__WHAT THE TASK ASKS__. What you produce should be every line from the data that includes "шумоподавлением".

__AVAILABLE RECORDS__.
********

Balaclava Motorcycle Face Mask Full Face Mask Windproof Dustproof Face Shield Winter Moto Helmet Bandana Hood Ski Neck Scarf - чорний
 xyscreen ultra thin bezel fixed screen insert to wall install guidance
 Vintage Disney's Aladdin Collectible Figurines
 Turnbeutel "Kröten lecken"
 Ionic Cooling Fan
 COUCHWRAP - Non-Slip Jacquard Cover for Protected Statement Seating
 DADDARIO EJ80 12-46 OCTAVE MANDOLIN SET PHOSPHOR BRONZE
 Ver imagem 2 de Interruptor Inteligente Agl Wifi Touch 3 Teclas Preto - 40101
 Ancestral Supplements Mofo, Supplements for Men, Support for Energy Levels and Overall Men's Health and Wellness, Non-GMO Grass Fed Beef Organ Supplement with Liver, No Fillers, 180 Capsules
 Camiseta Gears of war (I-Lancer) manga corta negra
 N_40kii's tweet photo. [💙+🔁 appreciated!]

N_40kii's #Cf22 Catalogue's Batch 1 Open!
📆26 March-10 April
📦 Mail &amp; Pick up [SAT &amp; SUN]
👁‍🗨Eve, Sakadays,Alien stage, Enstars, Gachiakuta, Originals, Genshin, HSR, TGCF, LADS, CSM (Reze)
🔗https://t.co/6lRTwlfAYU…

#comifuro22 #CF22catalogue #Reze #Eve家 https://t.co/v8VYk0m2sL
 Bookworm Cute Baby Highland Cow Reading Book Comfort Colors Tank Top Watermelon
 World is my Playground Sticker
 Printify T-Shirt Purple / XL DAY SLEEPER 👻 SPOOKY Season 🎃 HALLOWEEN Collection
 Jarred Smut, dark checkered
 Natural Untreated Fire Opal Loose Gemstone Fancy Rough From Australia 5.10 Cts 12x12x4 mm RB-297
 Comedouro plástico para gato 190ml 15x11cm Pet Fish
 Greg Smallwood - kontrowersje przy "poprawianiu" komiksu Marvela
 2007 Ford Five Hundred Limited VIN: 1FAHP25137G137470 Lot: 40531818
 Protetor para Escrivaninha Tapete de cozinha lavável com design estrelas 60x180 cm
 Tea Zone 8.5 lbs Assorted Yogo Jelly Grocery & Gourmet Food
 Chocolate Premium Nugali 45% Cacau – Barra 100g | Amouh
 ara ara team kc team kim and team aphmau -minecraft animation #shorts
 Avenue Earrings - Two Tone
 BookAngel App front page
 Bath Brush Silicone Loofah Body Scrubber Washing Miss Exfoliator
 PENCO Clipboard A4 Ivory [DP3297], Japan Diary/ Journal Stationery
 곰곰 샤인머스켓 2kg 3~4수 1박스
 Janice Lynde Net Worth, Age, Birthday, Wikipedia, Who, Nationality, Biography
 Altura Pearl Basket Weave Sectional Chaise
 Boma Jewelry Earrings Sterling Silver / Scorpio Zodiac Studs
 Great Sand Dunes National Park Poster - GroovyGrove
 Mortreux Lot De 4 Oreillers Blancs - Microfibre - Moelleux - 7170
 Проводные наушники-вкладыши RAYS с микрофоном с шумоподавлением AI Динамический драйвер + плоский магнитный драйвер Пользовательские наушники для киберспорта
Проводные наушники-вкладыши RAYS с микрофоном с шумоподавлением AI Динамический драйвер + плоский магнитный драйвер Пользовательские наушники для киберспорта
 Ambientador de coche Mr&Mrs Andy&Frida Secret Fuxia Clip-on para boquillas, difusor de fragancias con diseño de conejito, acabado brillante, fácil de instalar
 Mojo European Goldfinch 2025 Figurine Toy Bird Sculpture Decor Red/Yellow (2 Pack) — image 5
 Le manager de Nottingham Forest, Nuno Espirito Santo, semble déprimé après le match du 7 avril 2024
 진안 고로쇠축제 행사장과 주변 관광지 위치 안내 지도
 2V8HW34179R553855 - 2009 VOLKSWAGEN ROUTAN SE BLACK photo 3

********

__TASK OUTPUT__.
 Проводные наушники-вкладыши RAYS с микрофоном с шумоподавлением AI Динамический драйвер + плоский магнитный драйвер Пользовательские наушники для киберспорта
Проводные наушники-вкладыши RAYS с микрофоном с шумоподавлением AI Динамический драйвер + плоский магнитный драйвер Пользовательские наушники для киберспорта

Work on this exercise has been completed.